Queries executed successfully
('John', 'B', 'Smith', '123456789', '1955-01-09', '731 Fondren, Houston, TX', 'M', 100000, '888665555', 1)
('Franklin', 'T', 'Wong', '333445555', '1945-12-08', '638 Voss, Houston, TX', 'M', 40000, '888665555', 1)
('Joyce', 'A', 'English', '453453453', '1962-07-31', '5631 Rice, Houston, TX', 'F', 100000, '888665555', 1)
('Ramesh', 'K', 'Narayan', '666884444', '1952-09-15', '971 Fire Oak, Humble, TX', 'M', 38000, '888665555', 1)
('James', 'E', 'Borg', '888665555', '1927-11-10', '450 Stone, Houston, TX', 'M', 55000, None, 1)
('Jennifer', 'S', 'Wallace', '987654321', '1931-06-20', '291 Berry, Bellaire, TX', 'F', 43000, '888665555', 1)
('Ahmad', 'V', 'Jabbar', '987987987', '1959-03-29', '980 Dallas, Houston, TX', 'M', 25000, '888665555', 1)
('Alicia', 'J', 'Zelaya', '999887777', '1958-07-19', '3321 Castle, Spring, TX', 'F', 25000, '888665555', 1)
('Abraham', None, 'Lincoln', '222222222', None, None, None, None, None, 1)

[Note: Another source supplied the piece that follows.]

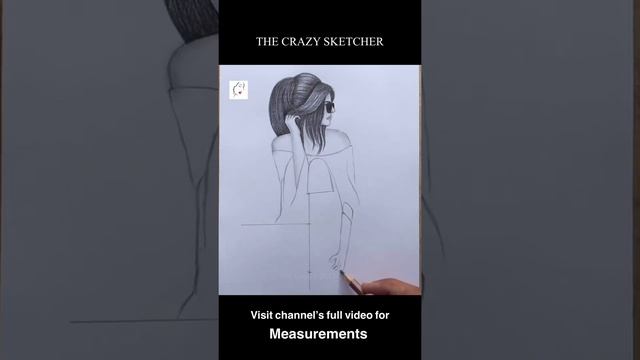 Girl Drawing | Girl Sketch | Drawing | How to draw | Short Video | YouTube Shorts | The Crazy Sketc смотреть онлайн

If one compares this to the original table, one will see that Joyce has received a nice raise.  While it is convient to allow execution of batches to queries to, for instance, initialize your database, you should restrict execution to one query at a time in public facing scripts.  Similarly, this shows another aspect of _trust_, if one is giving another write access to a database, 

In summary, if you construct a dynamic SQL query based on user input make sure to sanitize your inputs!

# Advanced ideas:

A problem with this database is that database is that SSNs are stored in plaintext.  One way to solve this problem, would be to store a user password via the techniques described earlier in module and using that password to encrypt sensitive information.